Was reading 'You can do it' which seems wonderfully inspiring which is really making me think how for the first ever marathon for me to make the attempt to squash all ego as a positive spiritual challenge and to make the absolute number one goal completion and feeling like I want to do another one at the end and to purely enjoy the experience. I felt empowered somehow when I read that. I want my running to continue and for this not to just be a flash when I feel like I almost kill myself and never want to do it agaihnn. I want it to be a rewarding encompassing experience I can remember then work on from to do more marathons and maybe ultra marathons. I feel it's really important in this training time not just to physically train well but to really get my head in the best gear possible as a runner.

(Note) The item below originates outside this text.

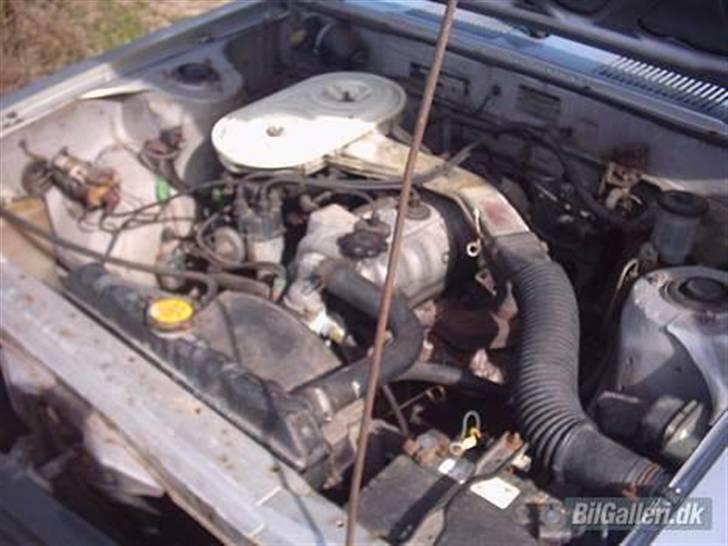 Toyota Celica TA40 Tropic - motoren, går bare rigtig godt, ligeledes gearkasse og bagtøj... billede 9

I think about the infinite v finite games I must read more about and that idea of running being the infinite game about bringing more people in and away from finite games with a clear beginning and end and all about ego. I clearly have ego as anyone does and that challenge to be able to let the soul lead. The soul that is infinite in the horse and cart relationship. That's what I need to get around my running and I want this blog to be able to keep me in touch with that part of my experience and my struggles around doing that.
Today I'll be going for a walk for a few hours which should help my training anyway.
It felt kind of good seeing someone else post on facebook today who I know is doing the marathon who has just done their first half. I know I've done a half as an event too so atleast someones around my level right now and I'm not too far behind. Maybe I am at an okay stage right now. I've done a half as an event and individually a few times and have ran around 30k on my own.